I'm trying to implement the gradient descent algorithm from scratch on a toy problem. My code always returns a vector of NaN
's:
from sklearn.linear_model import LinearRegression
import numpy as np
import matplotlib.pyplot as plt
np.random.seed(45)
x = np.linspace(0, 1000, num=1000)
y = 3*x + 2 + np.random.randn(len(x))
# sklearn output - This works (returns intercept = 1.6, coef = 3)
lm = LinearRegression()
lm.fit(x.reshape(-1, 1), y.reshape(-1, 1))
print("Intercept = {:.2f}, Coef = {:.2f}".format(lm.coef_[0][0], lm.intercept_[0]))
# BGD output
theta = np.array((0, 0)).reshape(-1, 1)
X = np.hstack([np.ones_like(x.reshape(-1, 1)), x.reshape(-1, 1)]) # [1, x]
Y = y.reshape(-1, 1) # Column vector
alpha = 0.05
for i in range(100):
# Update: theta <- theta - alpha * [X.T][X][theta] - [X.T][Y]
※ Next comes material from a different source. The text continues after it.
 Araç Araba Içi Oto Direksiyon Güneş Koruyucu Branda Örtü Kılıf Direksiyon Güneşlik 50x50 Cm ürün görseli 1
h = np.dot(X, theta) # Hypothesis
loss = h - Y
theta = theta - alpha*np.dot(X.T, loss)
theta
The sklearn
part runs fine, so I must be doing something wrong in the for loop. I've tried various different alpha
values and none of them converge.
The problem is theta
keeps getting bigger and bigger throughout the loop, and eventually becomes too big for python to store.
Here's a contour plot of the cost function:
J = np.dot((np.dot(X, theta) - y).T, (np.dot(X, theta) - y))
plt.contour(J)
Clearly there's no minimum here. Where have I gone wrong?
Thanks